The question to Putin came from a Times of London reporter, who asked whether British companies should invest in Russia considering the experiences of BP and Shell, which last year ceded control of Sakhalin-2 to Gazprom after government pressure over purported environmental violations.

The Natural Resources Ministry Industry and Rusia Petroleum shareholders are negotiating over the field, Putin said, adding that he did not know what solution they would reach.

BP’s new chief, Tony Hayward, flew to Moscow last week for a meeting with Gazprom CEO Alexei Miller. Hayward is due to speak Saturday at the St. Petersburg International Economic Forum.

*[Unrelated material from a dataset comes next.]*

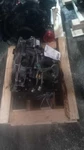 Automatic Transmission 2.4L Opt MH8 Fits 13 Verano 477178. Fixed Price $494.00.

Putin said Kovykta project shareholders could complain about a lack of access to Gazprom’s pipeline system and many other problems that have hampered development, but that they were fully aware of the potential difficulties when they bid for the license in the early 1990s.

However, when Rusia Petroleum acquired the Kovykta license and BP later took a stake in the company, the current law that gives Gazprom the status of a gas export monopoly was not on the books. That law was passed two years ago.

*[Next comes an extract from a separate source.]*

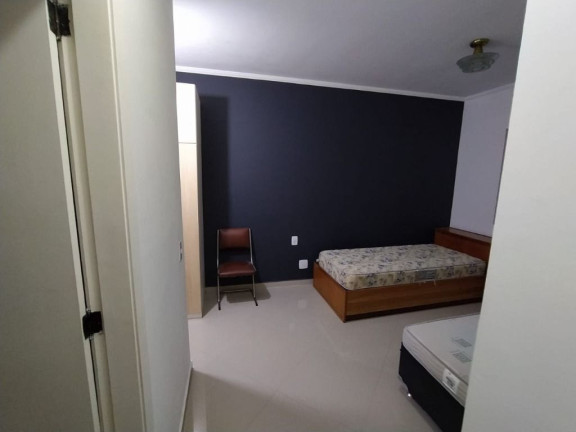 Imagem Apartamento com 3 Quartos à Venda, 79 m² em Vila São Pedro - Santo André Imagem Apartamento com 3 Quartos à Venda, 79 m² em Vila São Pedro - Santo André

In what appeared to be a mistake, Putin said Kovykta held “about 3 trillion cubic meters” of gas, rivaling “almost all the reserves of Canada.”

According to Rusia Petroleum’s web site, the field’s total reserves are 2.13 trillion cubic meters. TNK-BP spokesman Alexander Shadrin said he was unaware of the 3 trillion cubic meters figure, declining further comment.

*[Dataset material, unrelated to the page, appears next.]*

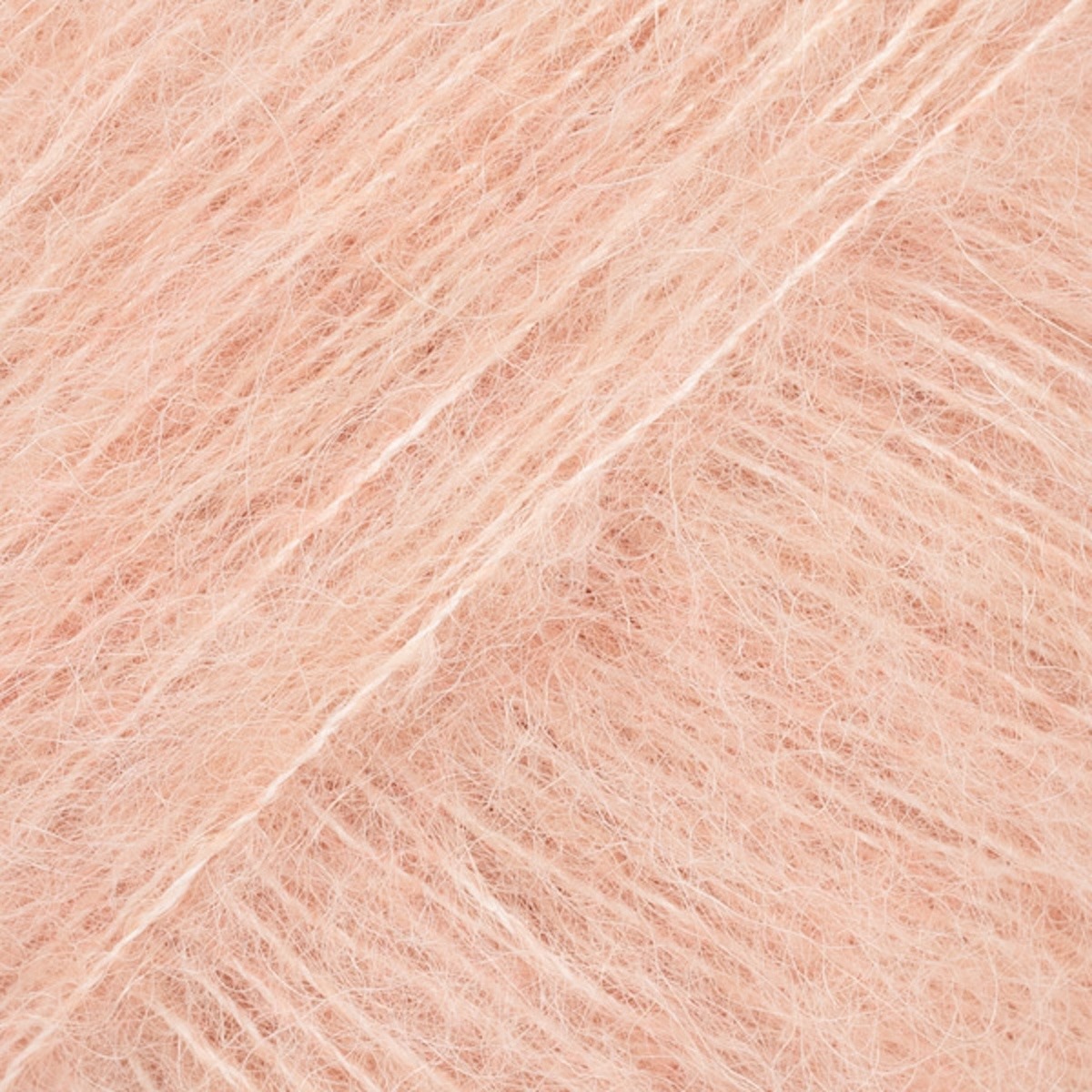 yarn product image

Putin hinted that the license was sold in a shady deal characteristic of the controversial privatizations that followed the Soviet collapse. “I won’t even talk now about how the license was purchased,” Putin said. “Let’s leave this up to the conscience of those who did it a while ago, also in the early 1990s.”

Coming back to foreign investments, Putin said BP otherwise was doing well in Russia, where it has a large reserves and production base. “We welcome its involvement in the Russian economy and will further support and assist the company, but we proceed from the fact that all of its activity will be within the current law,” he said.

“For BP, Russia is an important part of the global asset portfolio,” said BP’s Moscow spokesman Vladimir Buyanov. “This position remains so.”

A spokeswoman for Interros declined to comment on Putin’s remarks. A Renova spokesman did not answer a request for comment.

Putin was signaling that Rusia Petroleum would lose the license if its shareholders did not offer good terms for Gazprom to enter the project, said Andrei Gromadin, an analyst at MDM Bank.

Pavel Kushnir of Deutsche UFG said Putin was trying to convince a Western audience that there were solid legal grounds for withdrawing the Kovykta license. “It is correct to anticipate much negative reaction when the license is withdrawn,” he said. “Putin is trying to soften future criticism in advance.”

Gazprom has no interest in entering the project now, he said. It would rather try to buy full control of the field cheaply from the state at a possible future auction than pay a hefty price for a stake now, Kushnir said. “The license may stay with the government for five to 10 years,” he said.